Que préconisez-vous pour permettre aux déplacés de voter ?
Il faut avant tout dire que cette mesure est illégale : aucun article du code électoral ne prévoit la création de ces centres de vote. En revanche, il existe des dispositions légales qui permettent aux personnes qui se sont déplacées pour des cas de force majeur de prendre part au scrutin.
Cela concerne notamment les fonctionnaires et les militaires qui ont été affectés loin de leur domicile dans le cadre de leurs fonctions et qui n’ont pas pu changer leurs lieux de vote auprès d’Elecam. Dans ce cas, l’électeur peut se présenter au chef d’antenne régional d’Elecam, pour se voir affecter à un bureau de vote. Nous avons donc tout simplement demandé au directeur général des élections d’étendre cette disposition légale aux personnes déplacées.

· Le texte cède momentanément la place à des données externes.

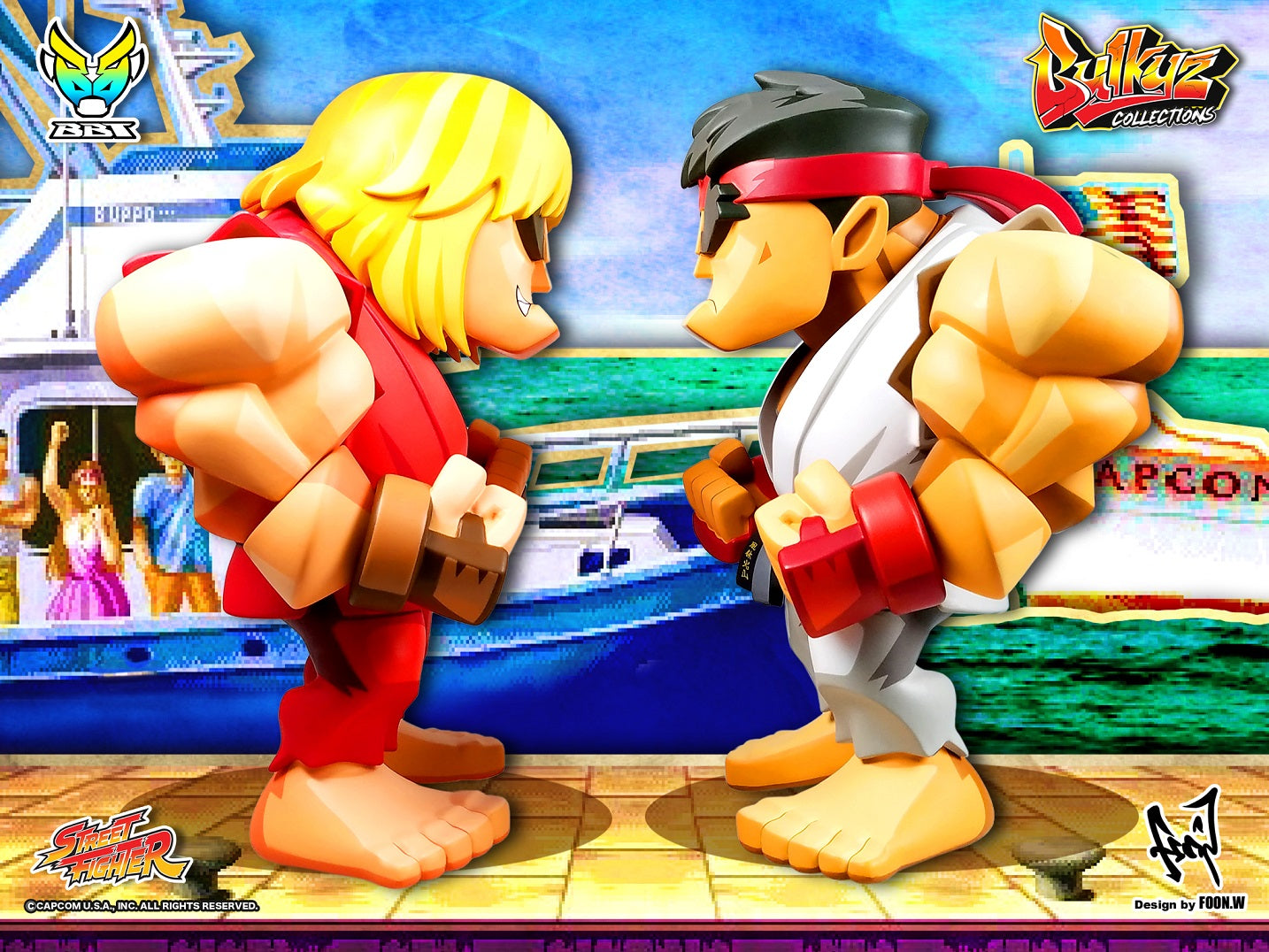 Big Boys Toys Bulkyz Ken Street Fighter Collections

Vous plaidez pour plus de fédéralisme. Pourquoi ?
Il faut en finir avec l’hypercentralisation actuelle de l’État, et faire en sorte que le pouvoir revienne au peuple. Ce n’est qu’ainsi qu’on pourra commencer véritablement le développement de notre pays. Cela passe absolument par le fédéralisme, car la décentralisation telle que nous l’avons aujourd’hui est un fédéralisme contrôlé par l’État central. Or, le fédéralisme que j’appelle de mes vœux, lui, sera contrôlé par les populations.
Il y a débat, au sein du SDF. Certains militants de votre parti sont plutôt favorables à un fédéralisme à deux États…
Le SDF n’a jamais, dans son histoire, présenté le nombre d’États à créer. Nous avons toujours dit que le nombre d’États sera décidé par le peuple camerounais. Ma position, en tant que candidat, est de mettre en place un fédéralisme à dix États, correspondant aux dix régions actuelles.
Je fais ce choix non pas parce que je préfère dix États, quatre ou trente, mais tout simplement parce que passer de l’État hypercentraliste au fédéralisme nécessitera déjà beaucoup de changements, et il ne faudrait pas qu’on ajoute une couche supplémentaire avec un changement géographique.
Vous êtes pour le fédéralisme, donc contre la sécession que défendent les partisans de la « République d’Ambazonie ». Si vous êtes élu, serez-vous prêt, cependant, à accorder une grâce aux leaders sécessionnistes incarcérés à Yaoundé, s’ils venaient à être condamnés ?
En tant que président de la République, ils [les leaders sécessionnistes, ndlr] ne pourront pas être condamnés, parce qu’il n’y aura pas de prisonniers politiques dans les prisons camerounaises.
Cela vaut-il également pour les personnes ciblées par l’« opération épervier », qualifiés de « prisonniers politiques », notamment par le Département d’État américain…
C’est le gouvernement camerounais, la justice camerounaise et le président de la République du Cameroun qui définissent qui est un prisonnier d’opinion et qui est un prisonnier qui a commis un délit pénal. Je me réserve donc le droit de décider qui sont ceux qui sont en prison par rapport à leurs opinions politiques et ceux qui sont en prison par rapport à leur crime.